Dear Editor,
The novel coronavirus pandemic will be blamed for much of the imminent disruptions, many of a violent nature. Recently, the United Nations issued a report which warned of “… enhanced instability, enhanced unrest, and enhanced conflict” from the virus and its Secretary General, Antonio Guterres, added that it could bring a recession “that probably has no parallel in the recent past.” But the virus is not the problem of the looming economic apocalypse but the pin that pricks the bubble brought on by our indulgence for debt.
The world is drowning in debt. By the third quarter of 2018, debt was US$244 trillion and 318% of world GDP. And this does not include unfunded liabilities such as pensions. This is akin to a bank lending a client three times its annual income. Since debt is the consumption of future income, when the future arrives, debtors will have to commit larger portions of their income towards the servicing/repayment of this debt. But households are living paycheck-to-paycheck, and corporations’ stock prices are increasing not from growth but higher leveraging from stock repurchases. This debt will not and cannot be repaid.
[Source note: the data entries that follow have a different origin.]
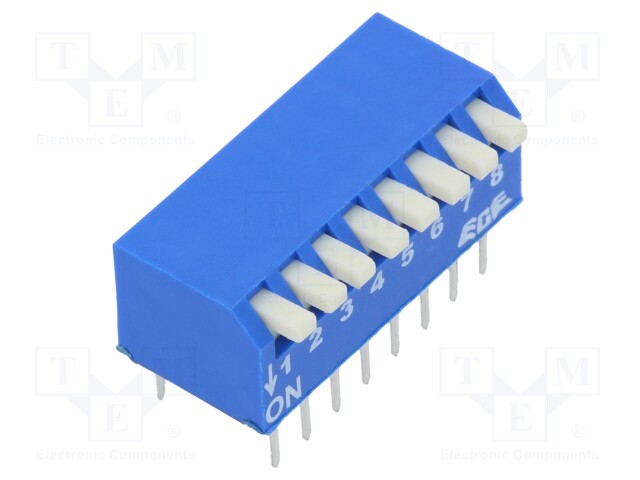 Switch: DIP-SWITCH; Poles number: 8; OFF-ON; 0.025A/24VDC; Pos: 2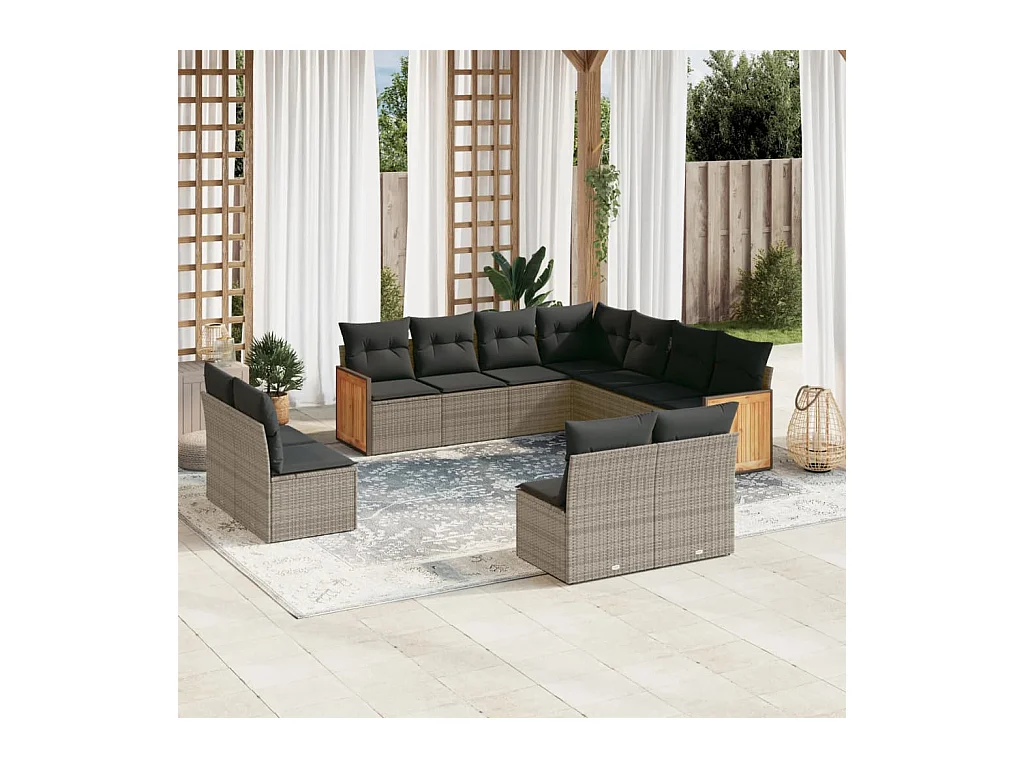 11-delige Loungeset met kussens poly rattan grijs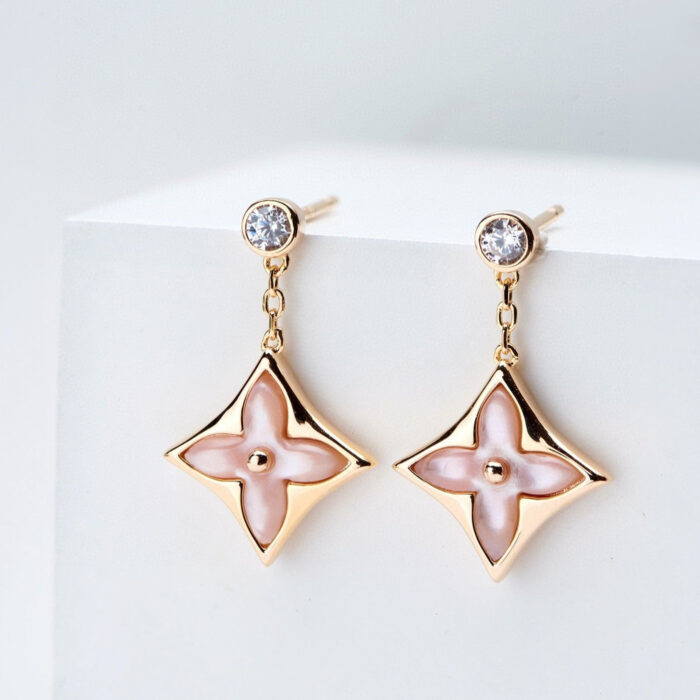 【Valeron Jewelry】DOUBLE STAR PINK GOLD MOP DROP EARRINGS - Image 1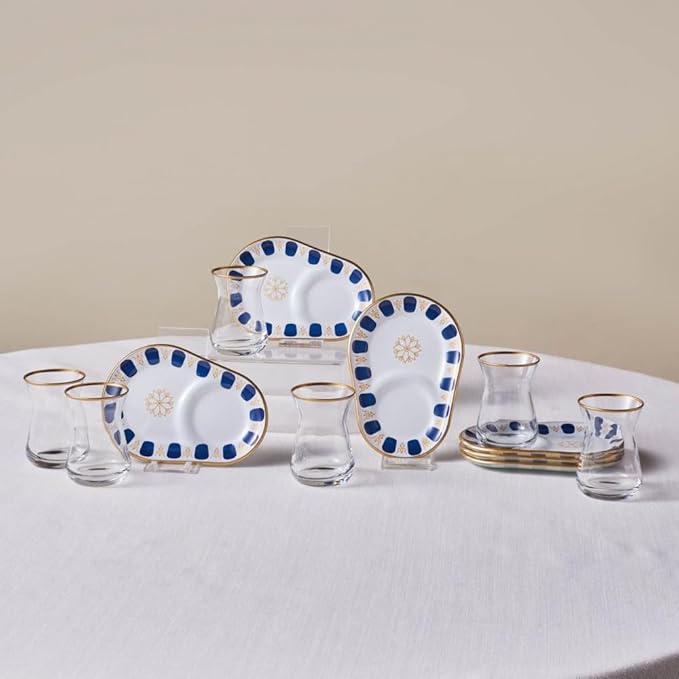 KARACA Belem Turkish Tea Glasses Set, 12-Piece Tea Set for 6 People, Tea Glasses with Gold Rim and Navy Blue Accents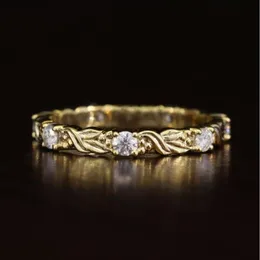Preço de atacado laboratório cultivado diamante estilo vintage arte deco banda 14k ouro amarelo empilhamento combinando anel de casamento para mulher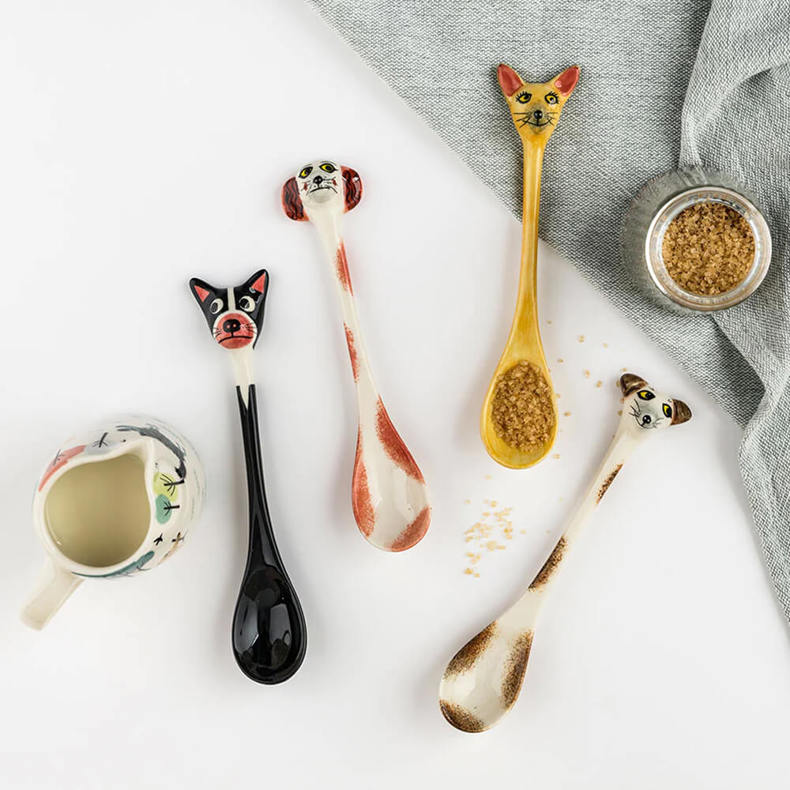 Hannah Turner Handmade Ceramic Dog Spoons Set of 4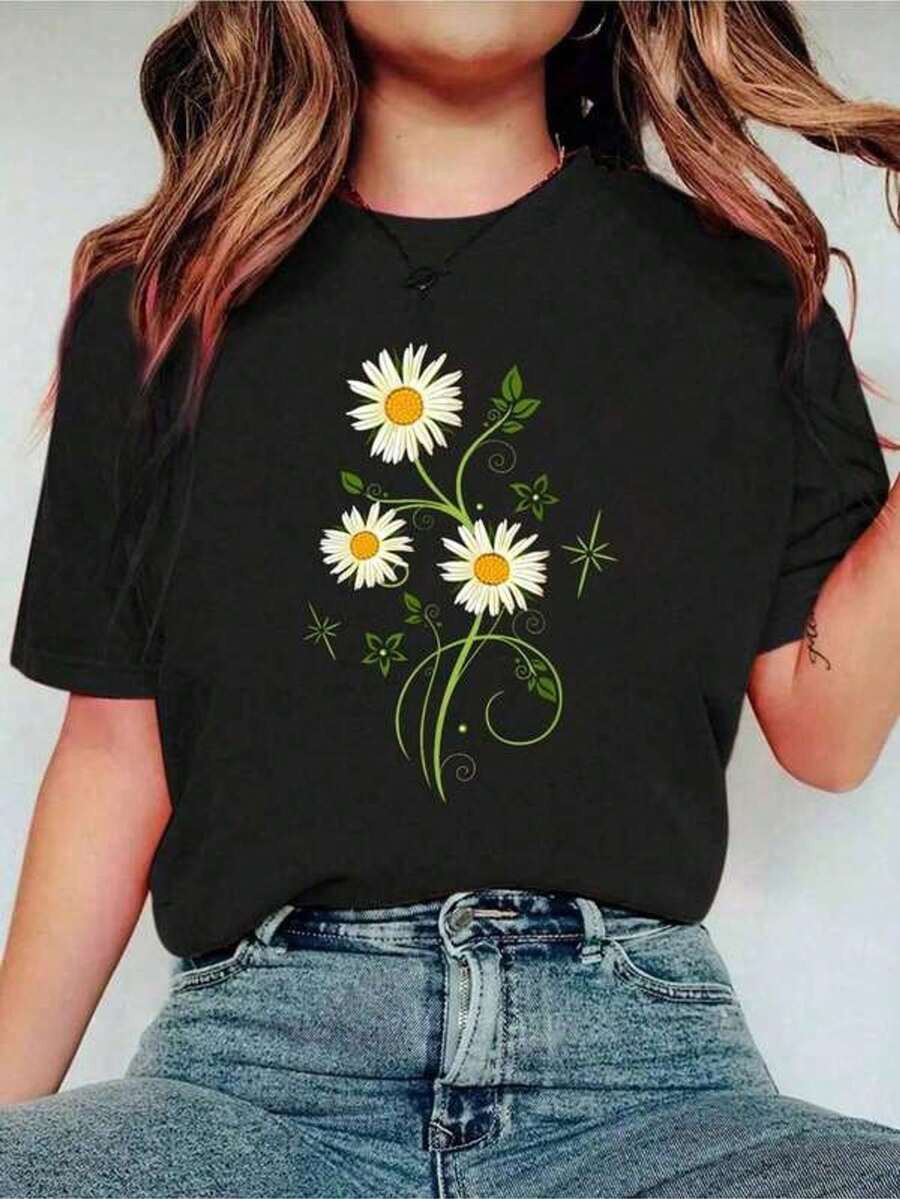 Camiseta Marguerites Daisy Spring, Camiseta de Flores Margaritas de Verano, Camiseta de Moda Casual para Mujer, Cuello Redondo, Manga Corta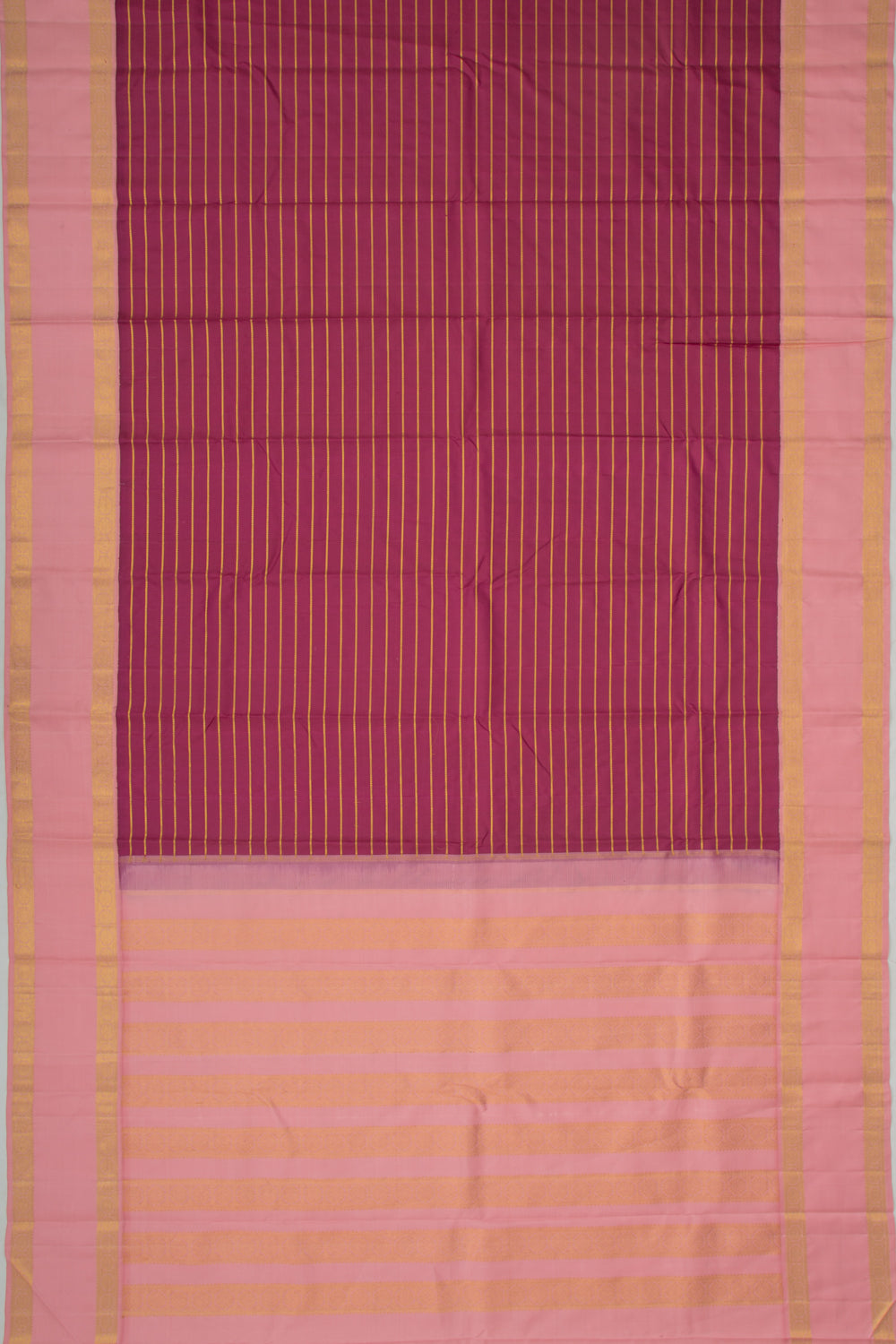 Kanchipuram Silk Horizontal Lines Burgandy Saree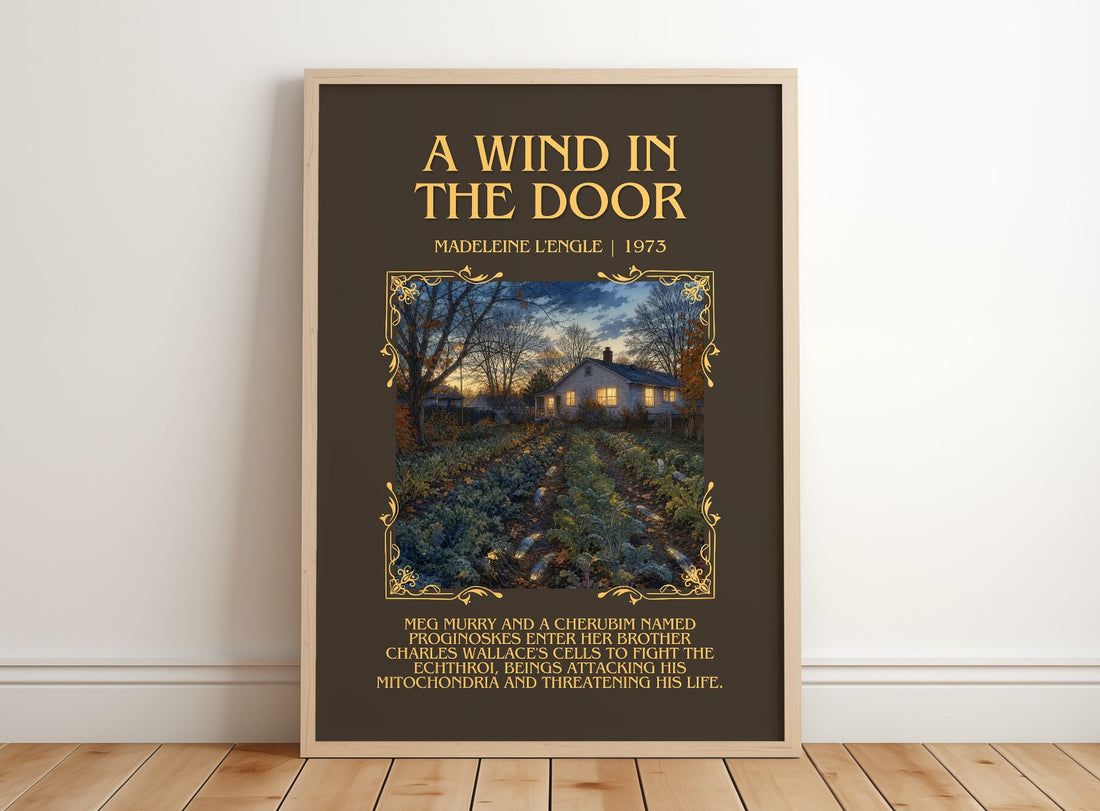 A Wind in the Door Minimalist Book Poster by Madeleine L'Engle – framed print leaning on a wooden floor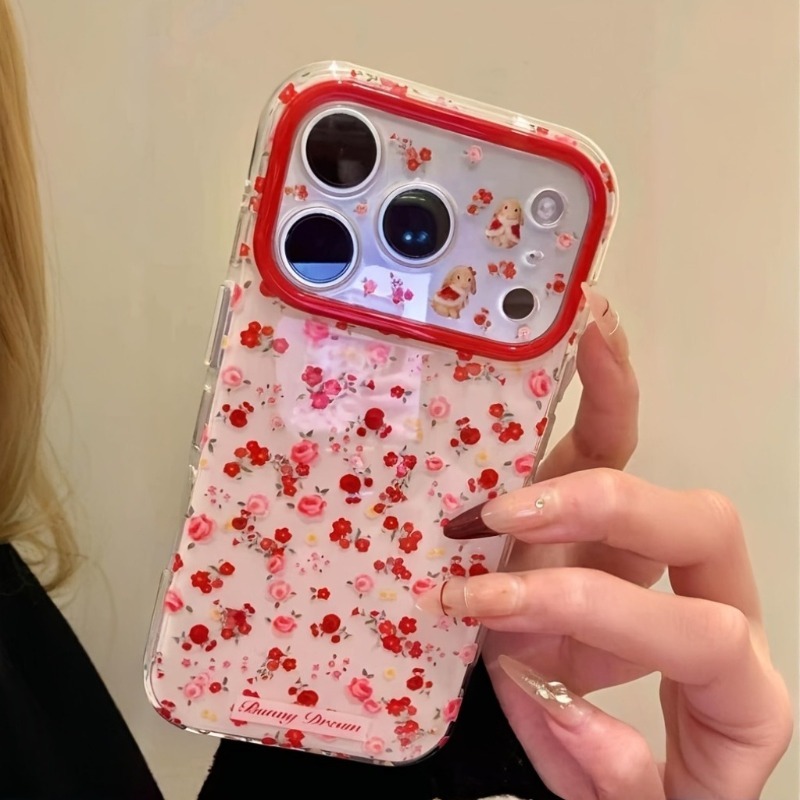 Lovely Cartoon Red Flowers Pat - Phone Cases Red 评论和价格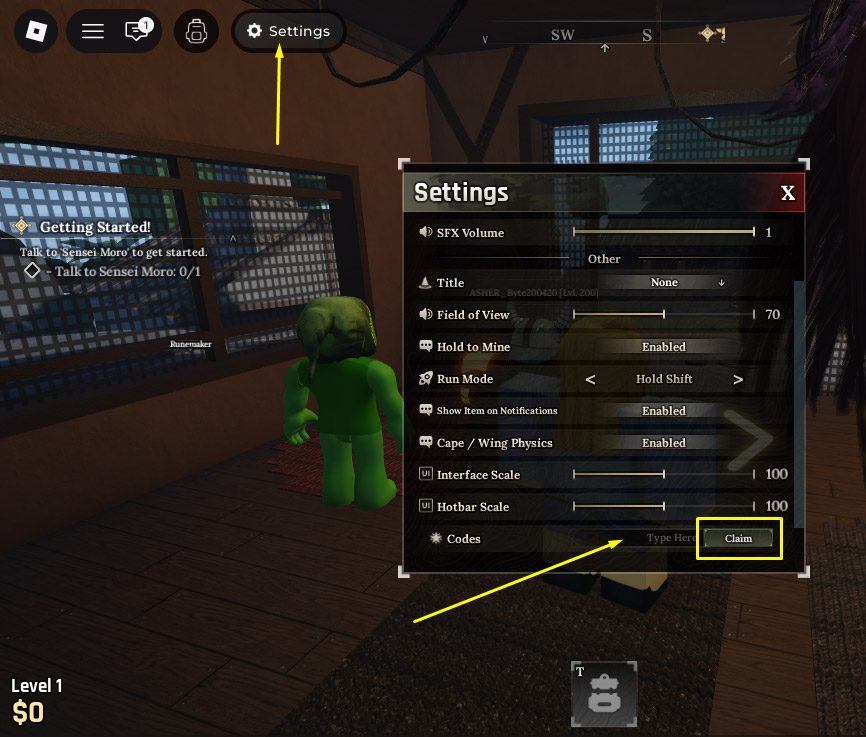 Redeem Codes in Roblox The Forge game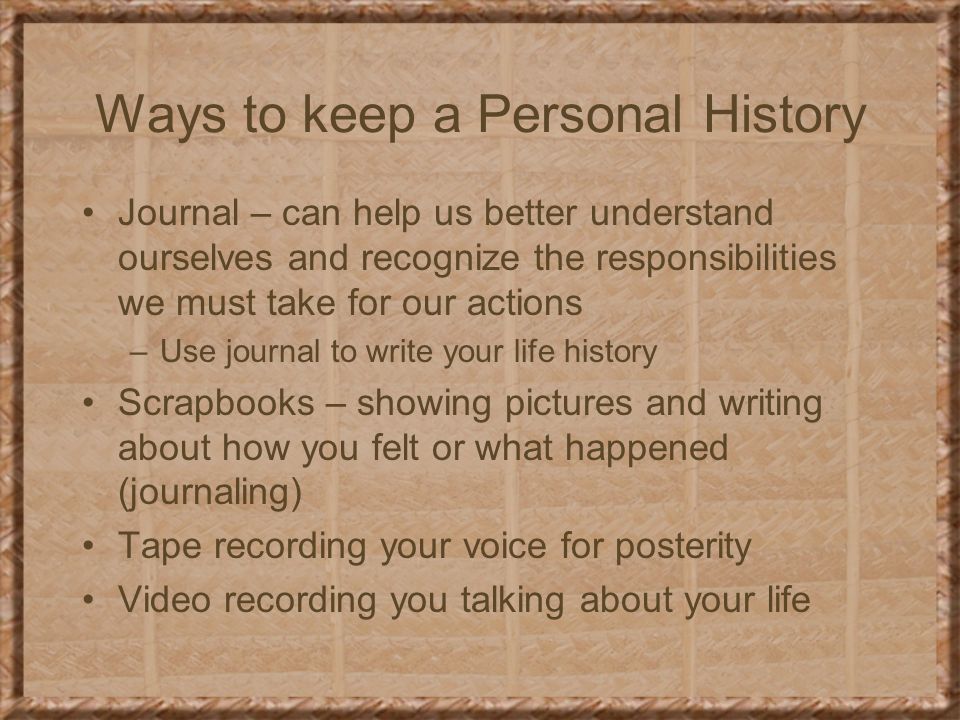 how to write your personal history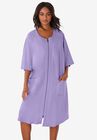 Short French Terry Zip-Front Robe, SOFT IRIS, hi-res image number null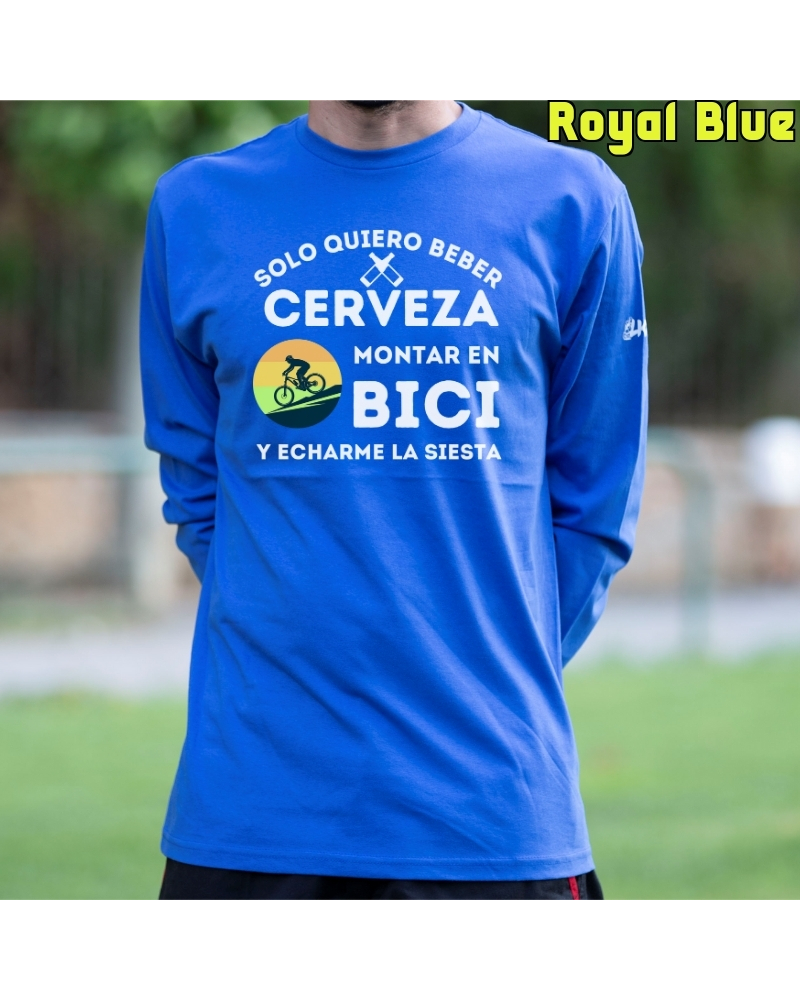 Camiseta Hombre Manga Larga - CERVEZA BICI SIESTA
But copious amounts of debt happen because of fiat money, which emerged after the American President Richard Nixon abandoned the Gold Standard in 1971. Fiat money, also referred to as paper money, replaced currencies backed by gold. It has no intrinsic value but the cost of paper and ink it’s made of. So, a GYD$1,000 note has the same intrinsic value as a GYD$5,000 note. Countries could print their currencies, and they have, with detrimental consequences as seen in Venezuela recently, and with more countries to follow.
As the downturn takes effect and workers are unemployed, hungry and in many cases, homeless, conflicts, to which the UN Report refers, will take over. The wealthy countries, with their safety nets and emergency relief programmes (incidentally all funded by debt), will be able to buy time before the carnage. But what about countries like Guyana? This is the future, and no one is giving it any mind.
There are measures that Guyana needs to start implementing now to mitigate the effects of the pending catastrophe. The first, of a longer-term duration, is to back its currency with its resources, especially gold and oil. This could be done in like manner to Venezuela, which, as a way around American sanctions, created a digital currency, the Petro, backed by oil. This would strengthen the Guyanese dollar and minimise the threat of inflation.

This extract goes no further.